Allora la grammatica musicale si percepisce nelle Sonate esplicitamente, in quanto si fa più chiaramente personale nelle ultime composizioni dove la tonalità non viene espressa e l'accordo mistico (consistente, in soldoni, in un esacordo come base armonica e melodica di sei o sette note sulla quale poi far partire i successivi accordi a sviluppo del discorso sonoro).

Dunque Rigacci si percepisce chiaramente aver sperimentato tutti i colori attraverso lo studio delle dinamiche applicate su ciascun accordo. Questo studio rende il tocco giusto per poter interpretare Skrjabin: i pianissimi e i fortissimi passando dalla fluidità tecnica corretta hanno dettagliato nella sua mente ogni elaborazione per poi finalmente trovare la padronanza del gesto pianistico.

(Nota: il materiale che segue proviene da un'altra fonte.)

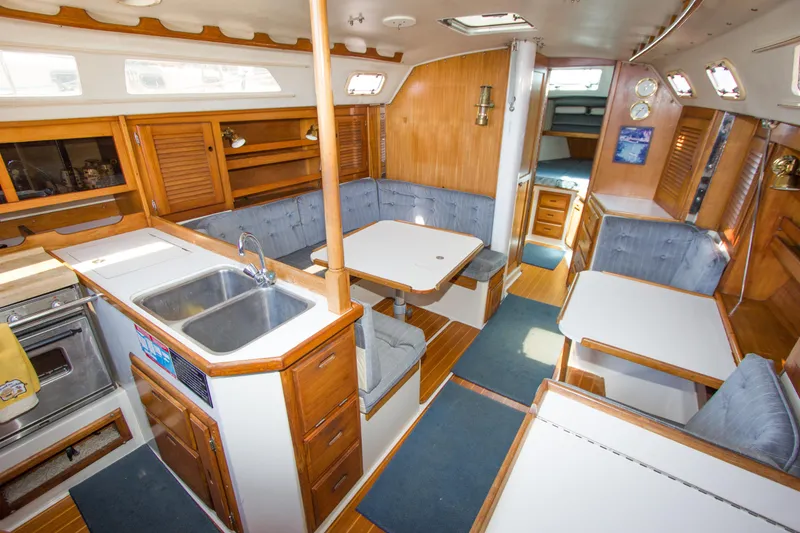 Slide: The Image of Interior of a 1991 Catalina 36 sailboat with kitchen and seating area. - 7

Allora le quarte aumentate risplendono di vitalità, oppure le quarte diminuite si ricoprono di un polveroso azzurro pastello, o ancora divengono un deciso arancione nella quarta giusta. Perchè con Rigacci è la chiave di lettura che svela "...ciò che la mente umana non può concepire". Egli è il mezzo per comprendere la sinestesia Skrjabiniana nella sua completezza.